I ran into this issue a different way. The controllers that had this attribute [SessionState(SessionStateBehavior.ReadOnly)] were reading from a different session even though I had set a value in the original session upon app startup. I was adding the session value via the _layout.cshtml (maybe not the best idea?)
It was clearly the ReadOnly causing the issue because when I removed the attribute, the original session (and SessionId) would stay in tact. Using Claudio's/Microsoft's solution fixed it.

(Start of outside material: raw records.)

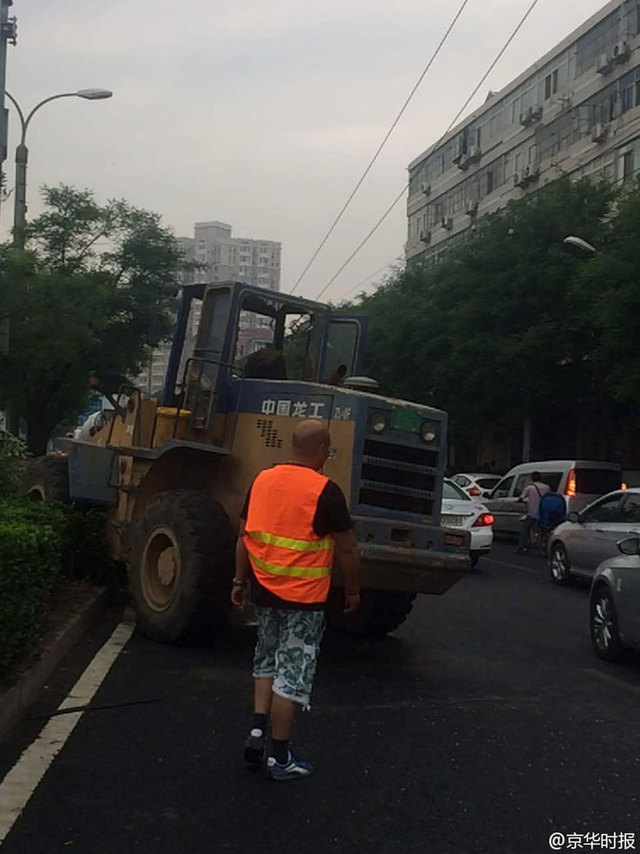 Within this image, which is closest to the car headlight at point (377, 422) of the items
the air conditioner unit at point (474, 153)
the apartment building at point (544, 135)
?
the apartment building at point (544, 135)

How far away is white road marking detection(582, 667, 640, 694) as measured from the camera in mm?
7984

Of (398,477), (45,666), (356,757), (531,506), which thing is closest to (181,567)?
(45,666)

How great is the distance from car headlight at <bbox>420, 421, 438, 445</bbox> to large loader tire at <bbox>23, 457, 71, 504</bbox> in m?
4.65

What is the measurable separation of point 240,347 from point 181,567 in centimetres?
219

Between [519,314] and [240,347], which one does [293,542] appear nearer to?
[240,347]

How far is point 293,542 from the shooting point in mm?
5398

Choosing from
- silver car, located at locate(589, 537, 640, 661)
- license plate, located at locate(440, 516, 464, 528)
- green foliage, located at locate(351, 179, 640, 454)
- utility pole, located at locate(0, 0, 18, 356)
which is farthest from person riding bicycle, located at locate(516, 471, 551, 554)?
silver car, located at locate(589, 537, 640, 661)

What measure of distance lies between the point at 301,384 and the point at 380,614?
7.14 feet

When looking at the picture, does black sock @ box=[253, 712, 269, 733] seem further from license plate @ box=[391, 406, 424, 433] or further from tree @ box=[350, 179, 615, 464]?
tree @ box=[350, 179, 615, 464]

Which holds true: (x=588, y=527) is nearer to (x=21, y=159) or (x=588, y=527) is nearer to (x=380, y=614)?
(x=380, y=614)

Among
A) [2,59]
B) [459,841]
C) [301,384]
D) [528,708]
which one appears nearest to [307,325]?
[301,384]

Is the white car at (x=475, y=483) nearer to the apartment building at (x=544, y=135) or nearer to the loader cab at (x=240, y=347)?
the apartment building at (x=544, y=135)

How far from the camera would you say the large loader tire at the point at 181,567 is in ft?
27.1

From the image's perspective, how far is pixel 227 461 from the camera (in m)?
9.17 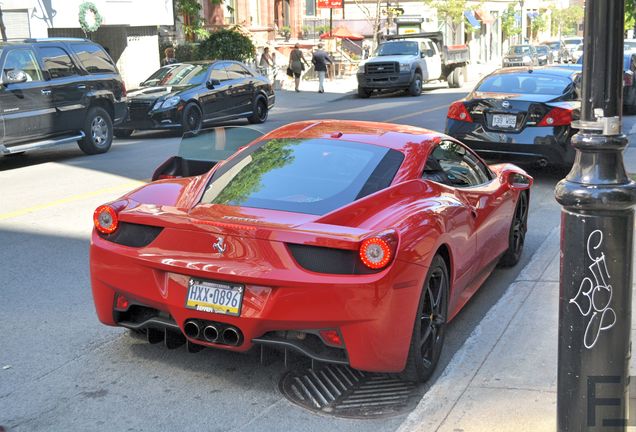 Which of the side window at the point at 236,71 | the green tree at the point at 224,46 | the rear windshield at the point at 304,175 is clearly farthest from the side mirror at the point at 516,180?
the green tree at the point at 224,46

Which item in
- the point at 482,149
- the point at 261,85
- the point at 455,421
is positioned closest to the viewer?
the point at 455,421

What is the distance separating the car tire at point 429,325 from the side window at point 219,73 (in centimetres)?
1515

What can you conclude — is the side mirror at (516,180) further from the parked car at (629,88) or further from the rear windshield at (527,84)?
the parked car at (629,88)

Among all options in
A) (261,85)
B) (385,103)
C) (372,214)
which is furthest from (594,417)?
(385,103)

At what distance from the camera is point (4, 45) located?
13.8 meters

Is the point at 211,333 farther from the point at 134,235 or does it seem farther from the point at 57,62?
the point at 57,62

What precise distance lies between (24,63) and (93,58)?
193 cm

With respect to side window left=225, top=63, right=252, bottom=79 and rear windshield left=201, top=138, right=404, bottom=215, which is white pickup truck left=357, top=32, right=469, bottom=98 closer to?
side window left=225, top=63, right=252, bottom=79

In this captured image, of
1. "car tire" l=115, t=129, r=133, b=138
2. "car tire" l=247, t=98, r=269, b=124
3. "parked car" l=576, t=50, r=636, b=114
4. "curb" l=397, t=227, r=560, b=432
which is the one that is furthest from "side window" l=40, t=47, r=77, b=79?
"parked car" l=576, t=50, r=636, b=114

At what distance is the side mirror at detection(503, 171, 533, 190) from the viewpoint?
701 cm

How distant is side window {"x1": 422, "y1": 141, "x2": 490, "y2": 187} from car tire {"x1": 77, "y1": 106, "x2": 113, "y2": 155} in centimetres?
1012

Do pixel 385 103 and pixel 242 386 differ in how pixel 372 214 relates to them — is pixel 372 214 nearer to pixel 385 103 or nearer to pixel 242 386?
pixel 242 386

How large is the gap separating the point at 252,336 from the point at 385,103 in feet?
76.3

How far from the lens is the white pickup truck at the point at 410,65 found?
29672 millimetres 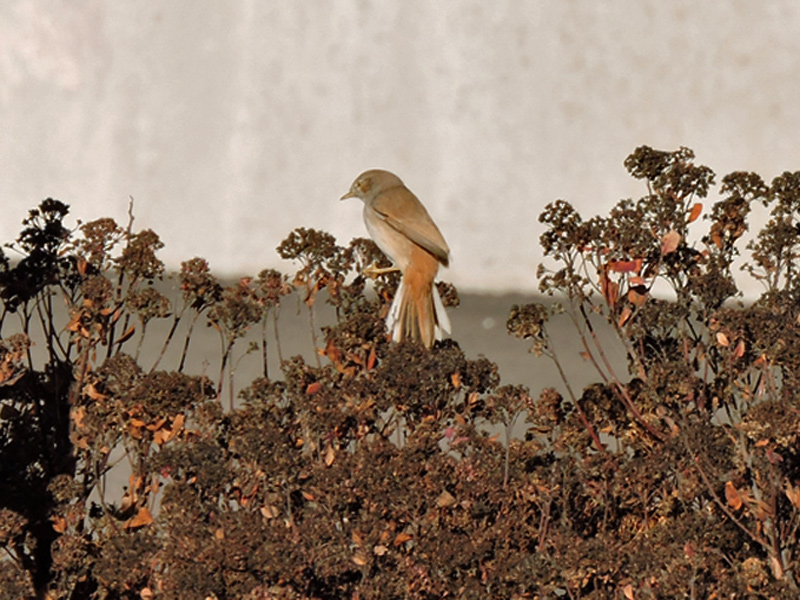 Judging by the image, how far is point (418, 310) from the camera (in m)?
3.10

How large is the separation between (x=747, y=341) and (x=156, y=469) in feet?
3.34

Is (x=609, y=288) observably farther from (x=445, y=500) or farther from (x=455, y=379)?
(x=445, y=500)

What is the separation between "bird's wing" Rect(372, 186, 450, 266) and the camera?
322 cm

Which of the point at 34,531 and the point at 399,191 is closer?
the point at 34,531

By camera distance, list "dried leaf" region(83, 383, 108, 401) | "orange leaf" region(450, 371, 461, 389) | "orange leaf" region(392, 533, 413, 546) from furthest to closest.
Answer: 1. "dried leaf" region(83, 383, 108, 401)
2. "orange leaf" region(450, 371, 461, 389)
3. "orange leaf" region(392, 533, 413, 546)

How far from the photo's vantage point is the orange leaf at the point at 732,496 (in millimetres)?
2213

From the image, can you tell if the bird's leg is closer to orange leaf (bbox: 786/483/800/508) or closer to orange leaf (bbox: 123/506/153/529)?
orange leaf (bbox: 123/506/153/529)

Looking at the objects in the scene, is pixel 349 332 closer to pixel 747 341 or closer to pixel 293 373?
pixel 293 373

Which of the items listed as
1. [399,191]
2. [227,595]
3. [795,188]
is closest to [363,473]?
[227,595]

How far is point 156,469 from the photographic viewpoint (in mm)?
2186

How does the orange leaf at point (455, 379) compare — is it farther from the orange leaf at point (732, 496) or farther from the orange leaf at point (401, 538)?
the orange leaf at point (732, 496)

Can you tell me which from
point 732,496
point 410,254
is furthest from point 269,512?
point 410,254

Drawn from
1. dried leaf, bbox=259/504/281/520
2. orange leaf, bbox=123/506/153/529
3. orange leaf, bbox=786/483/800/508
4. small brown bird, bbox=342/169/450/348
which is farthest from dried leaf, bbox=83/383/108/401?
orange leaf, bbox=786/483/800/508

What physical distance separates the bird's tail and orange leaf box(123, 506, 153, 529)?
0.74m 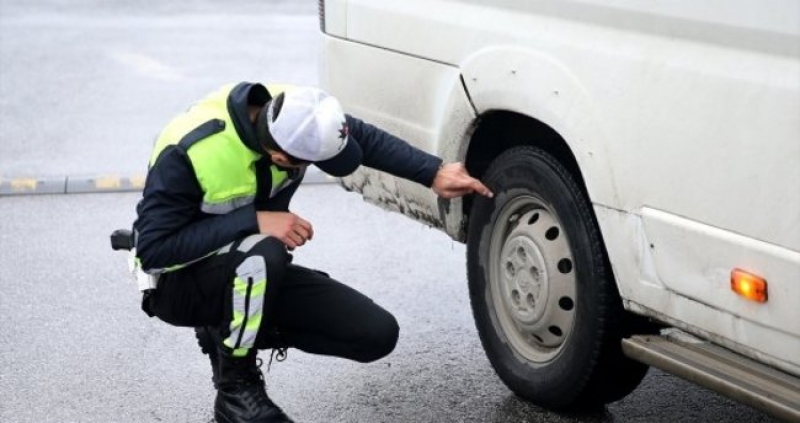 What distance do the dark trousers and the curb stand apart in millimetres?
3482

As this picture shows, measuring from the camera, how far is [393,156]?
4.75m

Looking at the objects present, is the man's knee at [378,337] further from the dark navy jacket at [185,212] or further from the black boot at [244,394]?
the dark navy jacket at [185,212]

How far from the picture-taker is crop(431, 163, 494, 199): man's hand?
4727 millimetres

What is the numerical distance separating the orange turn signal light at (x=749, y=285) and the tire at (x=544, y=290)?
2.06ft

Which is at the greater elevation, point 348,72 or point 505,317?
point 348,72

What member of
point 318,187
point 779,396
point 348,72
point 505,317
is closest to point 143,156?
point 318,187

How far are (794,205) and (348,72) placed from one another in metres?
2.32

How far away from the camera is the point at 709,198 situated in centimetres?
379

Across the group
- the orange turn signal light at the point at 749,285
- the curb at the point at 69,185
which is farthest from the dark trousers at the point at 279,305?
the curb at the point at 69,185

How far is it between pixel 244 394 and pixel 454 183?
94 centimetres

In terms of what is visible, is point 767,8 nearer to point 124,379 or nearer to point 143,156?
point 124,379

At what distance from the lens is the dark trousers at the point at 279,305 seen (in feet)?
14.6

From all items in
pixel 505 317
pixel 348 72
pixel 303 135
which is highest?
pixel 303 135

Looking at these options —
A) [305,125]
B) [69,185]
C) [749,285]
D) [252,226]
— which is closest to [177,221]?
[252,226] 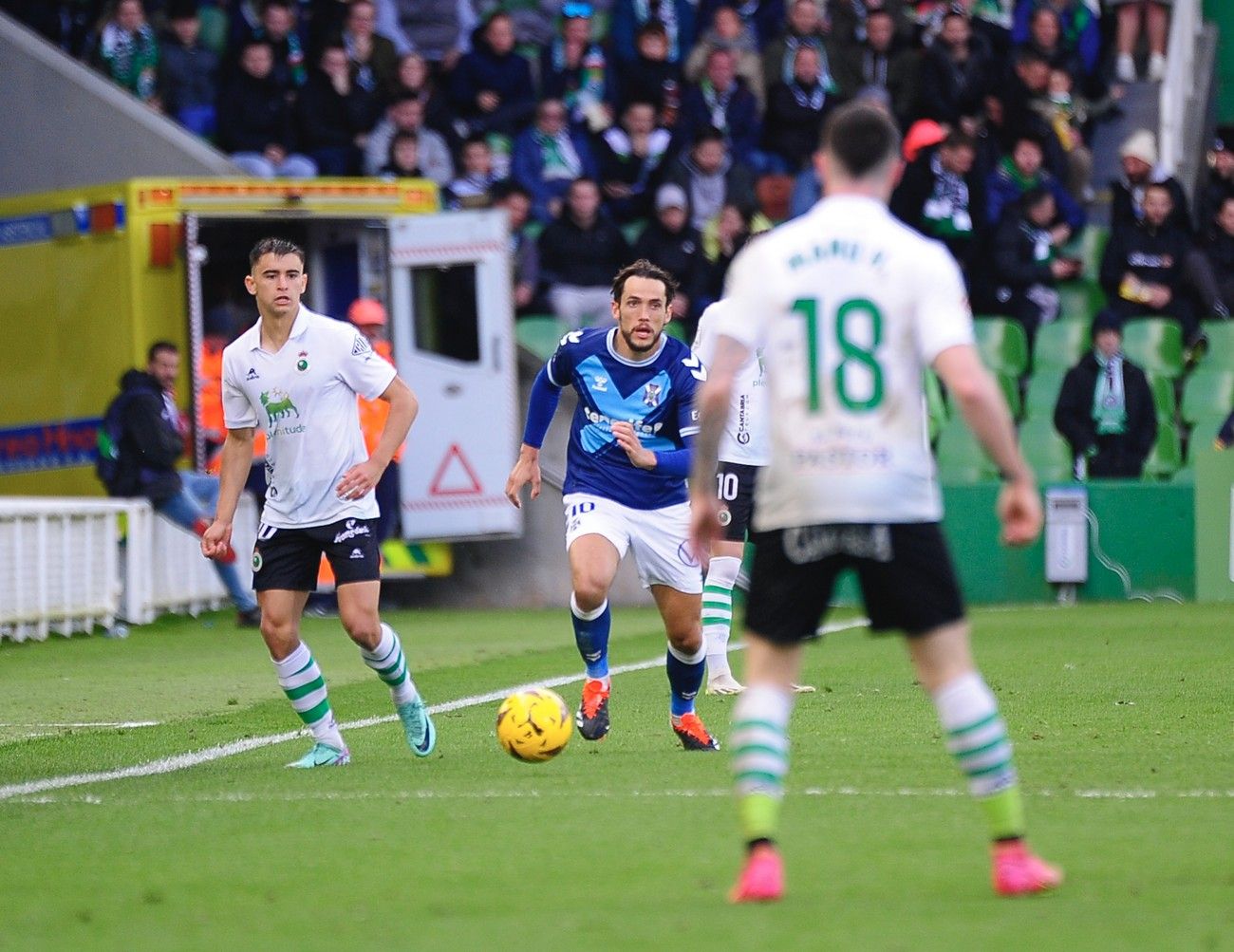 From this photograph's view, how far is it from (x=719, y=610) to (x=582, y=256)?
28.1 ft

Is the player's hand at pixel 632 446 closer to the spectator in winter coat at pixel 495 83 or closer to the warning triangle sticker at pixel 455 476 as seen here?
the warning triangle sticker at pixel 455 476

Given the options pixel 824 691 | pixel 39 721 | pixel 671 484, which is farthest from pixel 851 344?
pixel 39 721

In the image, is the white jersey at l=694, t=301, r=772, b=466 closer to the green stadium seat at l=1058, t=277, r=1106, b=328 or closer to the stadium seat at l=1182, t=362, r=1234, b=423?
the stadium seat at l=1182, t=362, r=1234, b=423

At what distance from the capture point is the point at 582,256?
20266mm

I'm on .NET Core 2.1 and I'm well aware that the question isn't about Core. Yet the internet is lacking and Google brought me here so hoping to save someone a few hours.
Startup.cs
services.AddCors(o => o.AddPolicy("AllowAll", builder =>
{
builder
.WithOrigins("http://localhost:3000") // important
.AllowCredentials() // important
.AllowAnyMethod()
.AllowAnyHeader(); // obviously just for testing
}));
client.js
const resp = await fetch("https://localhost:5001/api/user", {
method: 'POST',
credentials: 'include', // important
headers: {
'Content-Type': 'application/json'
},
body: JSON.stringify(data)
})
Controllers/LoginController.cs
namespace WebServer.Controllers
{
[Route("api/[controller]")]
[ApiController]
public class UserController : ControllerBase
{
[HttpPost]
public IEnumerable<string> Post([FromBody]LoginForm lf)
{
string prevUsername = HttpContext.Session.GetString("username");
Console.WriteLine("Previous username: " + prevUsername);
HttpContext.Session.SetString("username", lf.username);
return new string[] { lf.username, lf.password };
}
}
}
Notice that the session writing and reading works, yet no cookies seem to be passed to the browser. At least I couldn't find a "Set-Cookie" header anywhere.